Perhaps the most essential work on voluntary informal employment is Fields (1990), but the issue has received renewed attention with the contributions of Maloney (1999 and 2004) and his co-authors (e.g. Maloney and Bosch, 2007). The basic idea is that informal employment is heterogeneous, characterized by what Fields calls "easy-entry" and "upper-tier" informal employment, and that "upper-tier" informal employment is "better" than and "preferred to formal sector employment" and is "voluntary" (Fields, 1990, pp. 50 and 66). Voluntary informal employment poses a challenge to conceptions concentrating on "easy-entry" informal employment. Maloney suggests that it also poses a challenge to the ILO's definition of decent work. He writes: "This view of the voluntary informal entrepreneur has important implications for how we think about good vs. bad jobs, 'unprotectedness' and precariousness.
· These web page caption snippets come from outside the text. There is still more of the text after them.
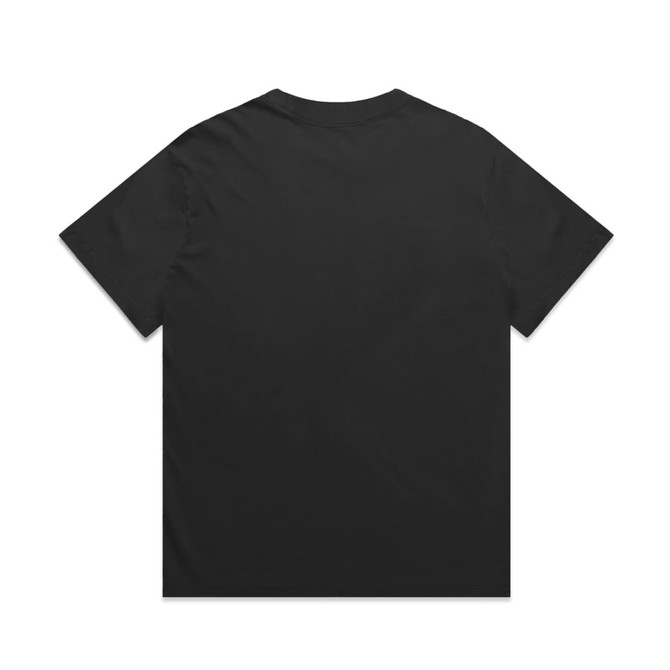 A black T-shirt featuring a simple design and a small logo on the back.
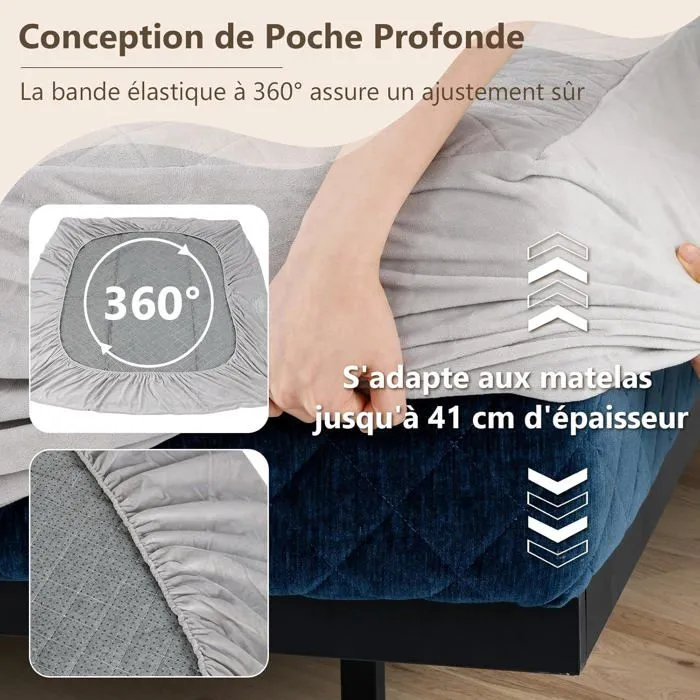 COSTWAY Matelas Queen 140 x 200 cm, Surmatelas Multi-Couches en Velours avec Rembourrage en Éponge, Fond Antidérapant-3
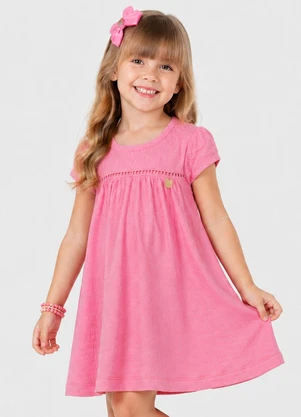 Rovitex - Vestido Infantil em Anarruga Rosa - ROVITEX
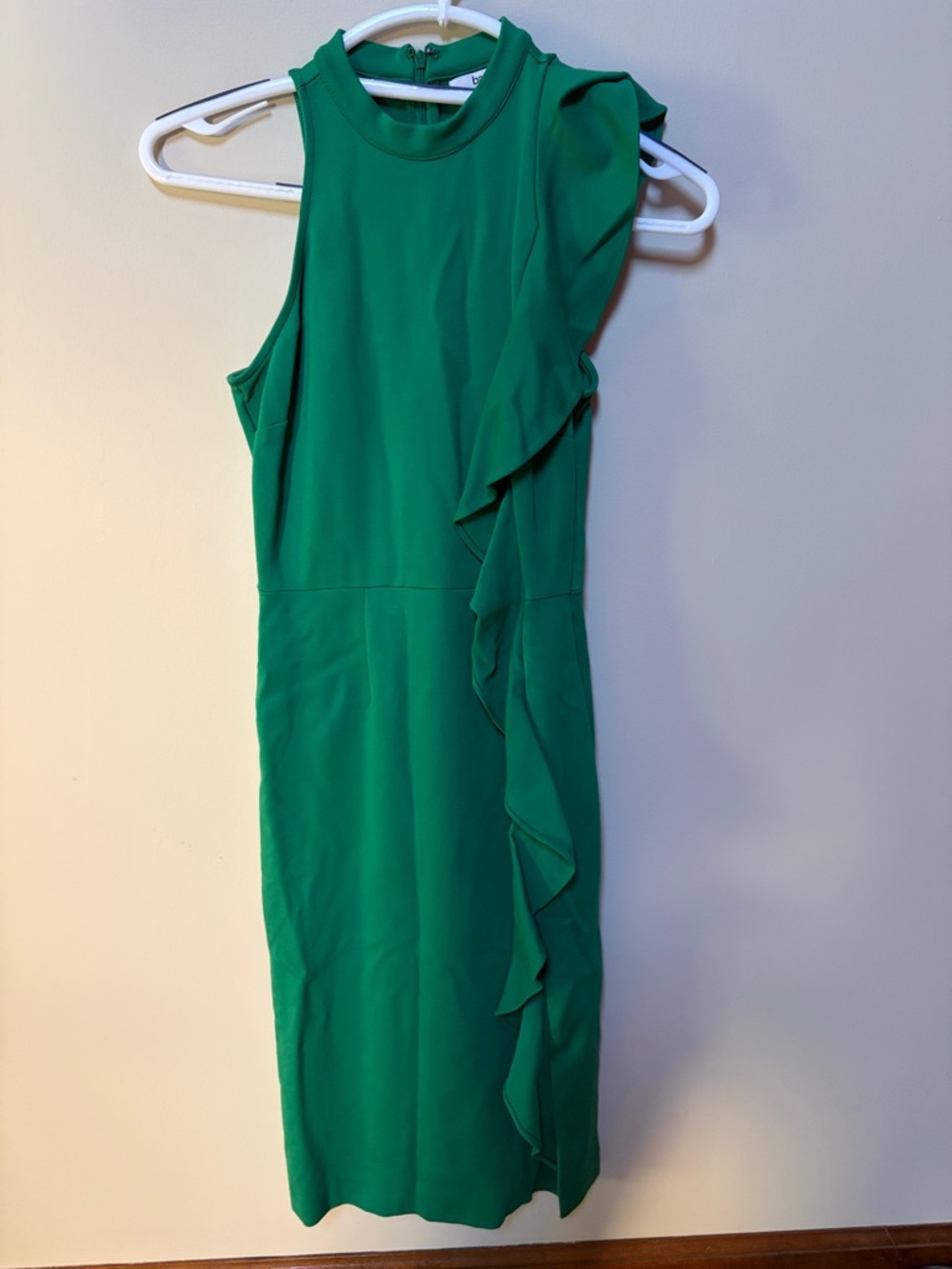 Bar III Emerald Green Sleeveless Ruffle Midi Dress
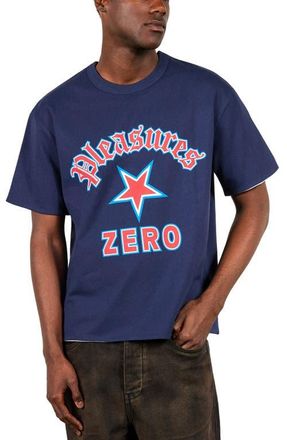 Pleasures X Zero Skateboards Stars Graphic Print Reversible T-Shirt in Navy at Nordstrom, Size Medium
The International Labour Organization, for instance, defines 'decent' work as jobs covered and protected by formal labour institutions" (2004, p. 1159).
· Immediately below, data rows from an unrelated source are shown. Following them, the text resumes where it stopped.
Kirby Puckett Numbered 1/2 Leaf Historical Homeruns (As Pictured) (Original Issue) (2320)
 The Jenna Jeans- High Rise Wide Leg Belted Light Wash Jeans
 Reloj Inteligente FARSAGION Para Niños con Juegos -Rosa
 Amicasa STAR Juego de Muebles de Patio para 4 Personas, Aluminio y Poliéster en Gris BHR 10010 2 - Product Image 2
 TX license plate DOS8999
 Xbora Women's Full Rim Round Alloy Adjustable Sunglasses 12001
Yet in its last major report on informal employment, the ILO also emphasized the heterogeneity of informal employment in a manner consistent with the notion of voluntary informal employment:

 
   Increasingly, "informal sector" has been found to be an inadequate, 
   if not misleading, term to reflect these dynamic, heterogeneous and 
   complex aspects of a phenomenon which is not, in fact, a "sector" 
   in the sense of a specific industry group or economic activity 
   [...] There is no simple relationship between working informally 
   and being poor, and working formally and escaping poverty (2002, 
   pp. 2-3). 

The implication is that some informal workers are not in poverty and that some formal workers are, and therefore that some informal jobs are better than some formal jobs with respect to incomes. So it is unremarkable that some workers would prefer informal to formal work, and that is what is meant in these debates by voluntary informal employment. The question is not whether there exists some voluntary informal employment in developing countries, but rather how widespread it is and how this might vary for countries at different levels of development and for different workers, particularly men and women. Among the policy issues at stake are the coherence of endeavouring simultaneously to increase formal employment while improving conditions for informal workers, as well as how the constrained choices informal workers face might be expanded.
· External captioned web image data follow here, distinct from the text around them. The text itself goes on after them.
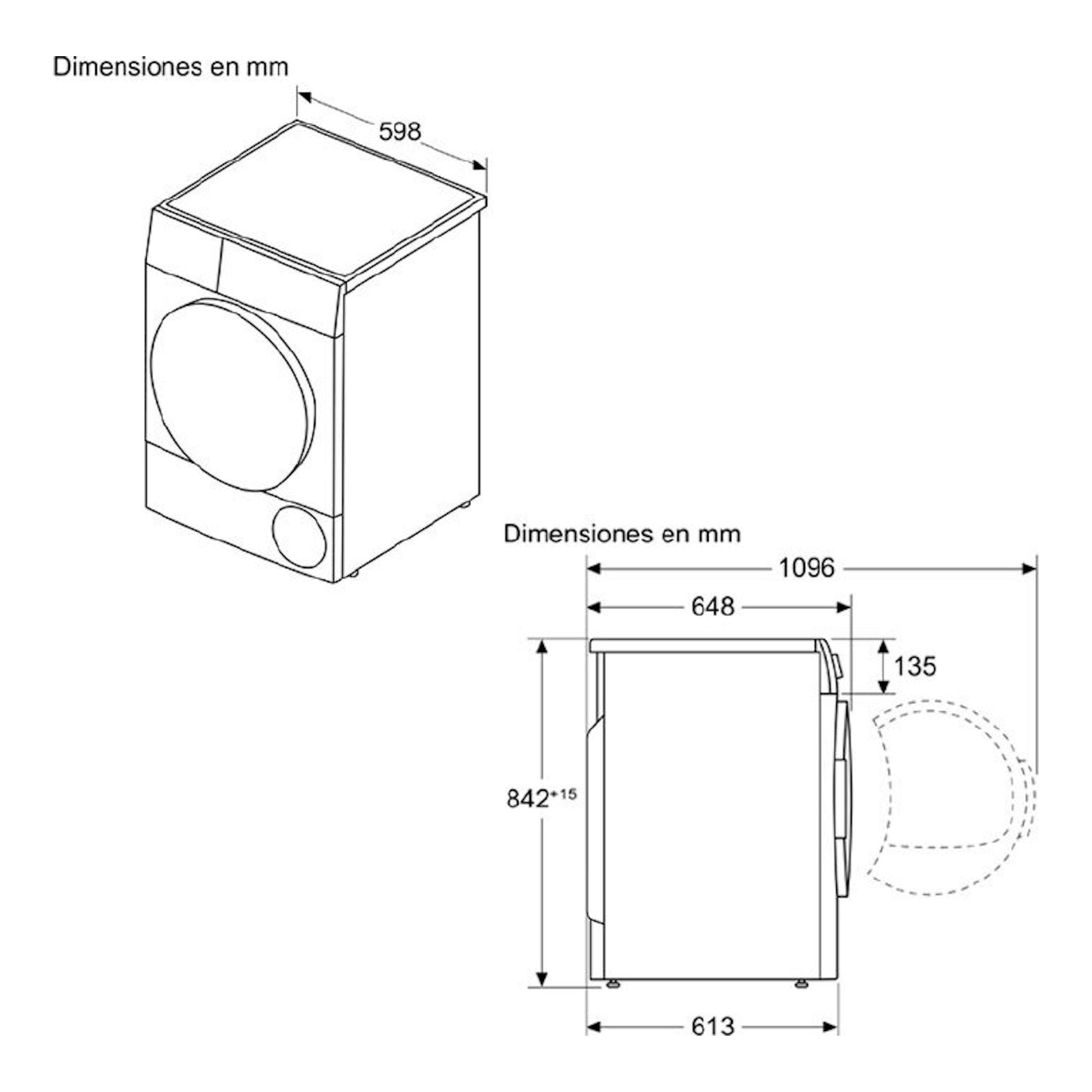 Bosch WTR83200ES: secadora blanca en vista isométrica y lateral, con esquema de dimensiones en mm.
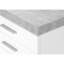 Classeur à roulettes moderne avec rangement et tiroirs, rangement à roulettes en stratifié gris blanc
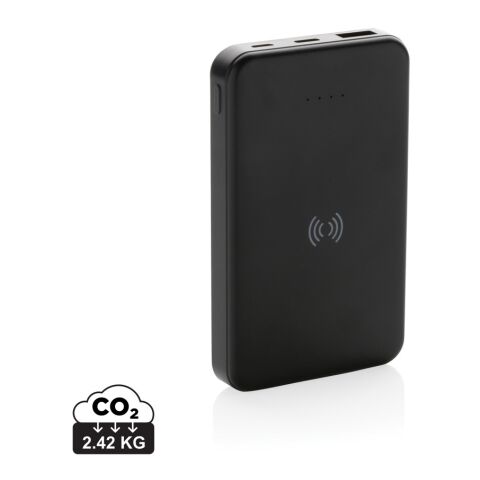Werbeartikel 5.000mAh 5W Wireless Powerbank aus RCS recyceltem Kunststoff – schwarz – mit Logo bedruckt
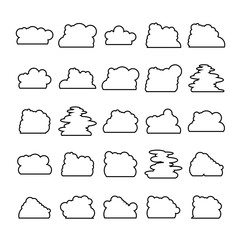 cloud scapes and cloud bubble icons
Reducing informal employment has been a persistent challenge of economic development and remains a primary policy objective for the ILO. One of the ILO's defining policy instruments is labour regulation, based on ILO Conventions and Recommendations. Yet, an influential view is that labour regulation is itself an important cause of informal employment, implying that the ILO's means contradict its ends. A noteworthy example is the World Bank volume Informality: Exit and Exclusion (Perry et al., 2007), surveying empirical studies that purportedly provide evidence for this view.

One counter to this view is that it focuses unduly on unintended negative consequences and does not give due weight to the extent to which labour regulations fulfil their intended objectives. It is a point worth making, but policymakers need to know if labour regulations have unintended negative consequences, both to make informed decisions in the face of trade-offs and, if possible, to better the design and implementation of labour regulations. In this spirit, this article provides a brief discussion of theories addressing formal labour regulations as a cause of informal employment and then an alternative reading of the empirical literature.

The article addresses these contested issues in two parts, each with its own short conclusion, and closes with observations on the relevance of the ILO's four decent work objectives for informal employment, including the role of organized labour.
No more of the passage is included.